I chatted to a young woman who was exercising and playing with her dog at the rest stop. She had just come back from deployment in South Korea and had driven 1500 miles to collect her dog, Cricket, the blue heeler, who she could keep with her on her new deployment in El Paso. She was doing all those miles, and back again, in a very short space of time and made our journey look like a gentle ramble. In our very early planning stages I’d tried to develop a musical themed trip. You know, Nashville, Motown, Detroit, Muscle Shoals, Graceland, 29 Palms, etc, and I wanted to drive down Route 66 in a Little Red Corvette. We decided the distances between were just too big to make this a viable venture – though at one point I think we were 24 Hours From Tulsa. She put me to shame - I won’t complain again about a couple of hundred miles a day with one night stops in between ... In fact, we were feeling quite full of vim and vigour so I was hoping all those jet-lag-time-shifty-totally-knackering parts of our travel were behind
We drove into Mississippi, again at its narrowest point, and on into Louisiana in the late afternoon. We were heavily dependent on the satnav to get us to our accommodation in New Orleans. Unfortunately, it was on the far side of New Orleans so we had to drive into the city and out again to get there. Luckily, Steve was once again behind the wheel by this time so, while I can’t pretend it was a fun drive, at least we were in safe hands. We were checked in to the Express Inn and Suites at Westwego (city centre accommodation was just toooo expensive) by a nice but dim young lady who was completely thrown by the UK forms of ID (passport and driver’s licence) and didn’t seem to understand the concept of there being other countries beyond the USA. She initially allocated us a smoking room which reeked dreadfully, but we were quickly switched to a non-smoking room. It was clean and comfortable (sadly, we couldn’t afford the ‘convenient’ element on this occasion) but the red stain on the carpet convinced me it had been a crime scene at some point in its recent past. Maybe CSI
could confirm? There were some ‘working’ vehicles in the car park (electricians, construction crews, etc) and I felt a tad vulnerable when I was outside and all the workmen were returning from their jobs. Though they passed the time of day quite politely, I quickly emphasised that I had a non-smoking husband just the other side of the door when one of them asked why I seemed so lonely! While the room offered a fridge and a microwave the only source of coffee was from the reception area, and then only between 6 and 9 am, so having a lie-in was not an option. My old barmaid skills came into play, carrying multiple cups of that can’t-do-without caffeine back to our room in my pyjamas. It wasn’t our best choice of accommodation ....

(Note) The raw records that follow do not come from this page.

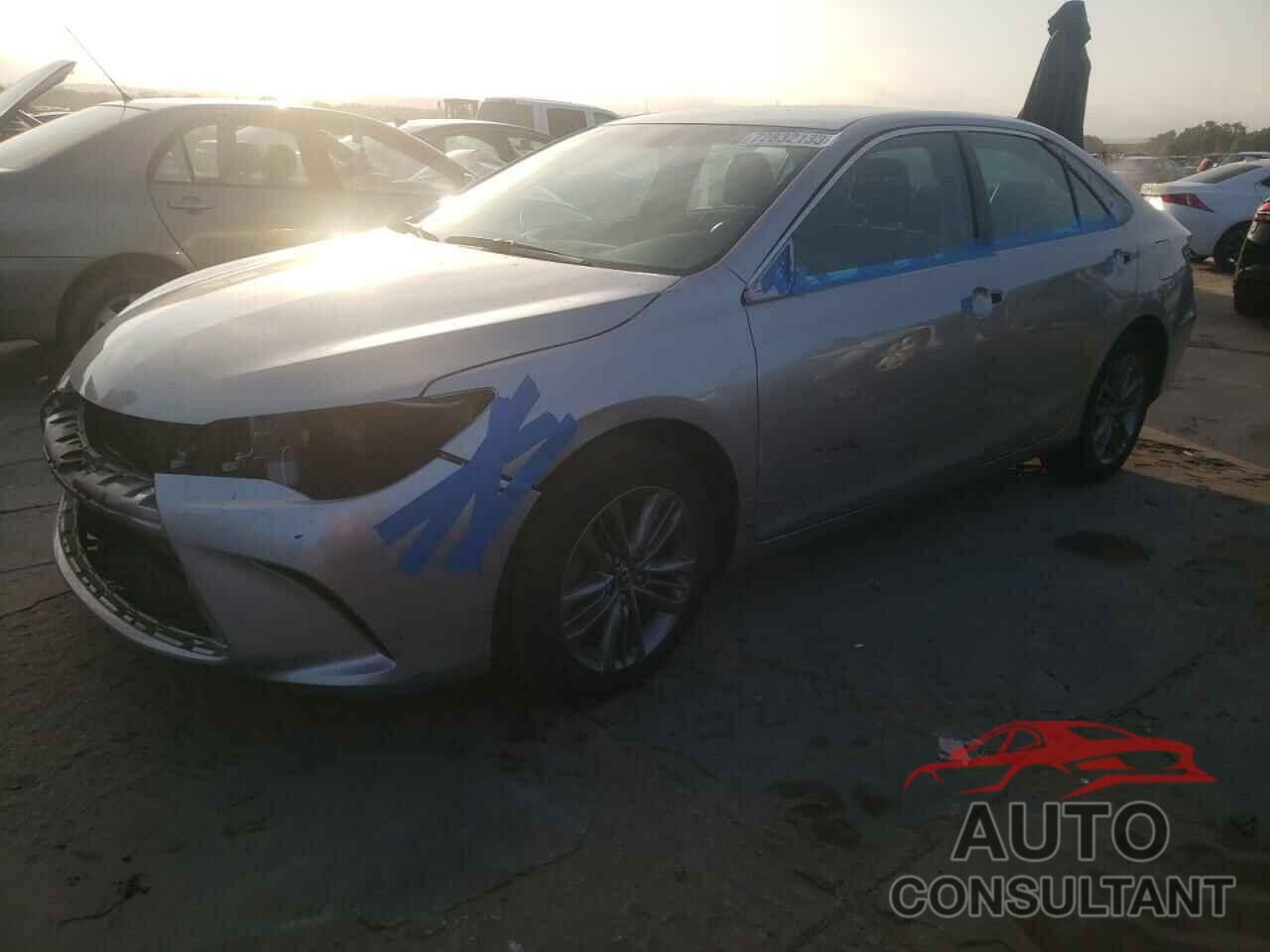 TOYOTA CAMRY 2016 - 4T1BF1FK3GU214405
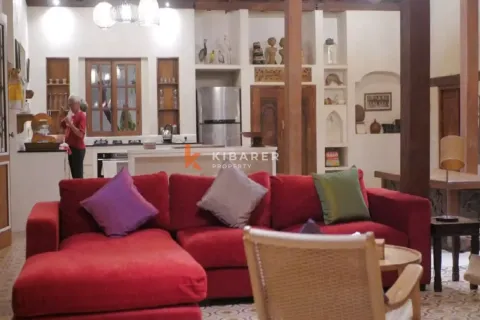 5 bedrooms Villa in Kerobokan, Badung, Indonesia No. 12298 15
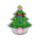 Gioco ad Acqua - Puzzle - Amici del Natale 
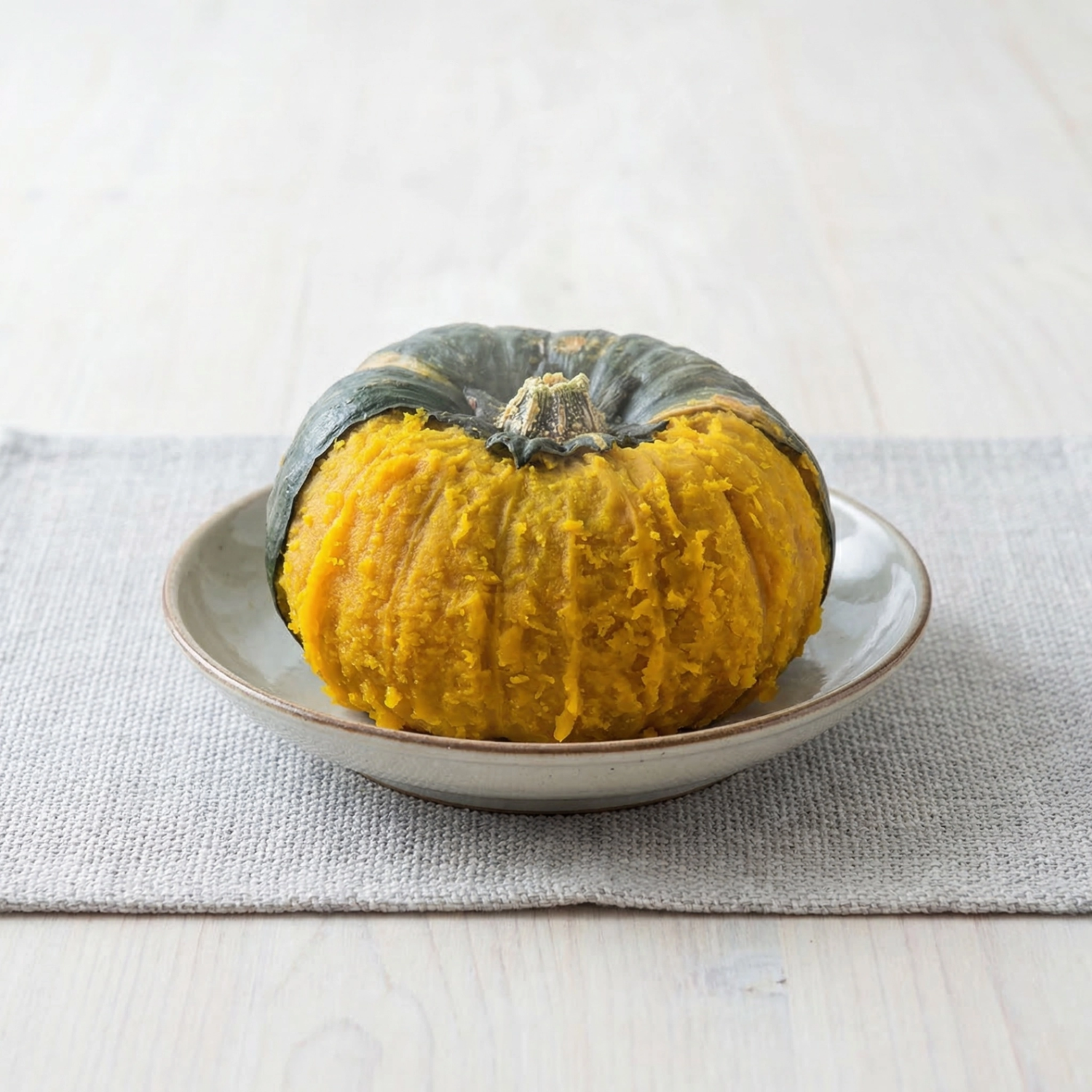 正宗贝贝南瓜精品南瓜 香甜可口 婴儿辅食 减肥减脂早餐轻食 带箱3斤实惠装 净重 2.6斤  单果250g+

We discovered that we could park right outside the Basin Street Station Information Centre in the centre of New Orleans for only $5 and we girded our loins for the trip into town but the satnav took us straight there (though slowly, with all the traffic). We caught the HOHO bus from the Centre, very reasonably priced at $39 for 3 days. And what great value
these were! The tours were informative and covered lots of ground and we hopped on and off them while we were in New Orleans, parking up the car each day and using the buses to get us around.
Our first trip took us through all the main interesting parts of New Orleans and we saw Canal Street, the Central Business District and the WWII museum (where lots of oral history is still being collected). There was a Vietnam war veteran on the bus and he was applauded by other passengers. These vets now seem to have earned the respect of their countrymen though we did see many on the streets of America begging for support. We saw Magazine Street, the Garden District, Louisiana and St Charles Avenues, Mardi Gras World (we had just missed the St Patrick’s Day Parade and the trees and balconies were still festooned with sparkling coloured beads and we were told the parades were financed by independent ‘crews’ just for the entertainment of random passers-by and visitors), the Convention Centre, the Riverfront, Jackson Square (the site of St Louis Cathedral, the oldest cathedral in the USA), the French Quarter and Market District and the Esplanade.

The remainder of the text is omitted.